----- Data to examine -----
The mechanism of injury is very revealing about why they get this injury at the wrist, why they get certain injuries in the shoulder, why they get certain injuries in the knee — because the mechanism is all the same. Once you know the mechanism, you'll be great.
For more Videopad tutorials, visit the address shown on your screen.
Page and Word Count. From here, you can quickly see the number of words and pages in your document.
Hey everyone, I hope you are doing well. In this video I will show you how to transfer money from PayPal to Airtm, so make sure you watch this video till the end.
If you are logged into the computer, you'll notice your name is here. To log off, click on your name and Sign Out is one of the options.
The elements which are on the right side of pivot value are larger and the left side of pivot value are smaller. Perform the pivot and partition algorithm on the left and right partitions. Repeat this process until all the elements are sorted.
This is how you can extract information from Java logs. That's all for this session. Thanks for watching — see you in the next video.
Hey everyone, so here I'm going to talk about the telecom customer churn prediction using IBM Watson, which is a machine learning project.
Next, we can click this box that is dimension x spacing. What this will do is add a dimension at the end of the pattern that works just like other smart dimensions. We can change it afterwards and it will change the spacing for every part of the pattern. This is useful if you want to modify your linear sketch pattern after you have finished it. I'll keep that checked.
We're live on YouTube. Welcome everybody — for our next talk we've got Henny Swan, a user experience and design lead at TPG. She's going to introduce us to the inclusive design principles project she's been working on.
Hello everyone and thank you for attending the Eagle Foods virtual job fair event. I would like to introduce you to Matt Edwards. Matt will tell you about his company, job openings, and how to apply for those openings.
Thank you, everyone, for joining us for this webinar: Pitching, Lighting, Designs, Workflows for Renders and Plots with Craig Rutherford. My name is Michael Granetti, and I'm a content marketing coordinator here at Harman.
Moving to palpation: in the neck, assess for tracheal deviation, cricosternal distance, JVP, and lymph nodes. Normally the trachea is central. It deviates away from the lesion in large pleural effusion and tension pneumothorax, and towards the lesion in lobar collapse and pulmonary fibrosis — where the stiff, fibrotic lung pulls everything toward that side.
-----
- [What the exercise asks]:
Every record must appear in the answer exactly as it does above.

- [Completed exercise]:
The mechanism of injury is very revealing about why they get this injury at the wrist, why they get certain injuries in the shoulder, why they get certain injuries in the knee — because the mechanism is all the same. Once you know the mechanism, you'll be great.
For more Videopad tutorials, visit the address shown on your screen.
Page and Word Count. From here, you can quickly see the number of words and pages in your document.
Hey everyone, I hope you are doing well. In this video I will show you how to transfer money from PayPal to Airtm, so make sure you watch this video till the end.
If you are logged into the computer, you'll notice your name is here. To log off, click on your name and Sign Out is one of the options.
The elements which are on the right side of pivot value are larger and the left side of pivot value are smaller. Perform the pivot and partition algorithm on the left and right partitions. Repeat this process until all the elements are sorted.
This is how you can extract information from Java logs. That's all for this session. Thanks for watching — see you in the next video.
Hey everyone, so here I'm going to talk about the telecom customer churn prediction using IBM Watson, which is a machine learning project.
Next, we can click this box that is dimension x spacing. What this will do is add a dimension at the end of the pattern that works just like other smart dimensions. We can change it afterwards and it will change the spacing for every part of the pattern. This is useful if you want to modify your linear sketch pattern after you have finished it. I'll keep that checked.
We're live on YouTube. Welcome everybody — for our next talk we've got Henny Swan, a user experience and design lead at TPG. She's going to introduce us to the inclusive design principles project she's been working on.
Hello everyone and thank you for attending the Eagle Foods virtual job fair event. I would like to introduce you to Matt Edwards. Matt will tell you about his company, job openings, and how to apply for those openings.
Thank you, everyone, for joining us for this webinar: Pitching, Lighting, Designs, Workflows for Renders and Plots with Craig Rutherford. My name is Michael Granetti, and I'm a content marketing coordinator here at Harman.
Moving to palpation: in the neck, assess for tracheal deviation, cricosternal distance, JVP, and lymph nodes. Normally the trachea is central. It deviates away from the lesion in large pleural effusion and tension pneumothorax, and towards the lesion in lobar collapse and pulmonary fibrosis — where the stiff, fibrotic lung pulls everything toward that side.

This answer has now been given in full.